Komitmen kerakyatan dan politik pelayanan, yang dipraktikkan secara konsisten dan konsekuen itu, menyebabkan Yesus sering berkonflik dengan para elite agama dan elite politik. Yesus menentang kesalehan religius para elite agama Yahudi yang bersifat hipokrit. Ia mengkritik praktik agama yang hanya menjadi beban bagi umat.

Yesus juga mengkritik para penguasa yang hanya ingin dilayani dan tidak mau melayani rakyat, serta memerintah rakyatnya dengan keras dan tangan besi. Dengan tegas Yesus meminta para murid-Nya untuk memperhatikan kehidupan sosial-ekonomi rakyat, juga meminta kaum kaya untuk berbagi dengan sesama anggota masyarakat yang kurang beruntung nasibnya. Masih banyak lagi nilai moral sosial-politik-keagamaan yang diajarkan Yesus yang dapat ditarik signifikansi dan relevansinya.

Harapan

Mengakhiri refleksi singkat dan sederhana menyambut Natal 2013 dan Tahun Baru 2014, kita sangat berharap Pemilu 2014 dapat menghasilkan para pemimpin di legislatif, eksekutif, dan yudikatif, yang menghayati dan melaksanakan nilai-nilai politik pelayanan dan komitmen politik kerakyatan, serta membuang jauh-jauh perilaku politik herodian-koruptif yang hanya mementingkan kuasa, harta, dan wanita.

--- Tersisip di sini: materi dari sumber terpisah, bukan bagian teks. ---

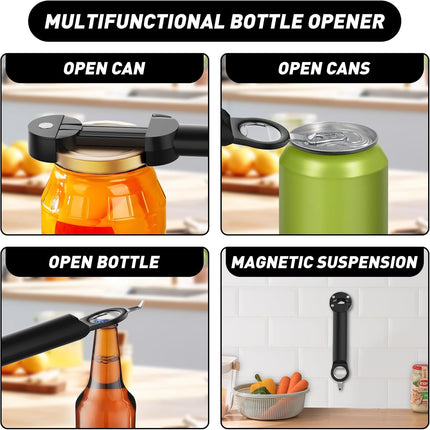 Jar Opener Bottle Opener for Seniors with Arthritis, Multi Retractable Magnetic Can Opener, Jar Grippers for Opening Jars, Kitchen Gadgets for Weak Hands and Senior Arthritis (Black).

Last but not least, untuk pemimpin puncak di Republik ini, saya masih berharap akan lahir seorang tokoh “Mesias Politik” Indonesia pilihan rakyat atas rida dan kehendak Tuhan Yang Maha Esa. Pemilu 2014 adalah momentum krusial dan kritis bagi bangsa dan negara ini. Karena itu, jangan salah memilih presiden dan jangan salah pula memilih para wakil rakyat. Selamat Natal dan Tahun Baru.